David, a teenager faced the invincible Goliath. No one dared to stand against the giant, pushing the Israelites into a deep crisis. David ventured to kill him with a sling and a stone.

He turned the challenge into an opportunity to manifest that God is greater than all the giants in life. He had trusted and tasted God in His personal private life. He had killed a bear and a lion in the pastures while tending sheep. He could publicly and boldly testify God in crisis because he relied on Him in his secret life.

It was not that David never failed in his life. There were giants he could not overcome. In 2 Samuel 11, we see his sins lined up – adultery, murder, treachery, lie, and hypocrisy. But when Nathan confronted him, he broke down with a contrite spirit (Psalm 51). He did not try to conceal his sins. He confessed and God graciously forgave him. Though he failed, his walk with the Lord was restored. Are we conscious of the sins in our life? Do we have the willingness to confess them, or do we continue in it? Are we open for correction? “Whoever conceals his sins will not prosper, but he who confesses and forsakes them will obtain mercy” (Pro.28:13). God looks at honesty, not perfection. His integrity took David from crisis to crowning glory – from the meadows to the throne of Israel. In the end, God certified David as “a man after God’s own heart”.

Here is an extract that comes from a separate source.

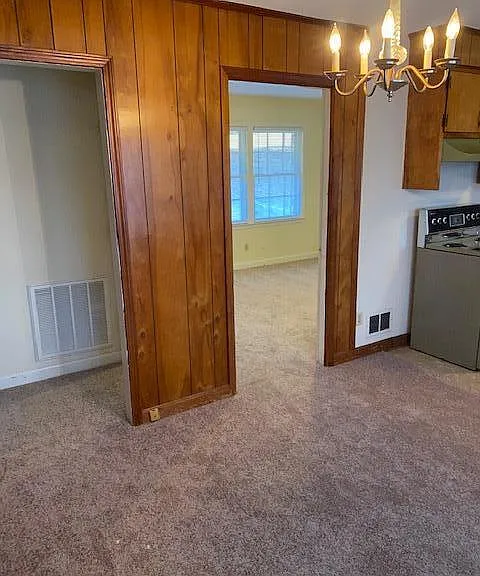 5442 Oakcrest Rd — Photo 4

Daniel, a smart young man taken captive to a god-less nation. He faced fiery tests of faith in a land where the King’s edict, no one could overrule. He had an attitude of ‘no compromise’ on his faith and obedience to the laws of God. Daniel was determined that he would not defile himself with the king’s food, as per the Mosaic law (Daniel 1:8). It was his vow of separation.

Real separation should commence in the heart and result in decisions and actions. Have we ever pledged not to defile ourselves with the blemish of the world? Outwardly, we might look exceptionally fine. But what about our heart? What about our attitude of pride, greed, jealousy, anger, malice, and the like? Have we taken a radical approach in dealing with sin?

Are we willing to pay the cost for a holy, blameless life? It is easy to put on a face of godliness, while the inside is rotten and full of filth. This is a danger permeating our churches today. Hypocrisy is a sin that Jesus condemned in strong language. It is an outward appearance tagged as a sign of “separation” with hearts that are unholy. Daniel decided inhis heart that he will be pure in and out.

Holiness in our speech, thoughts and actions is what we should exemplify as young women.

Jesus denotes in Matthew 15:17-20 that the true mark of separation is what comes outside of our mouth. “But the things that come out of a person’s mouth come from the heart, and these defile them. For out of the heart come evil thoughts—murder, adultery, sexual immorality, theft, false testimony, slander”.

Daniel abstained from eating food offered to idols. There are many idols in our life that needs to be thrown away. If there anyone or anything we love more than God Himself?

They need to be identified and corrected.

Daniel continued to live a holy life and never failed to pray and seek God’s voice all the days of his life. He was in exile, but God him to a seat of honour, next to the King. “Therefore, humble yourselves under the mighty hand of God, that He may exalt you in due time,” (1 Peter 5:6).

Joseph, David, and Daniel walked the road of adversity in their youth. Life for them, was not a bed of roses but one of many thorns. What kept them going through rugged paths and valleys low? It was their wholehearted trust in the living God. This trust enabled them to overcome sin and suffering and to be victorious.

Dear sisters, in every crisis, let us run to God. Be honest and faithful to Him. Be aware of his abiding presence. Do not compromise with the world. Shout “no” to sin and be conquerors.

There awaits you a crown, at the end of the road.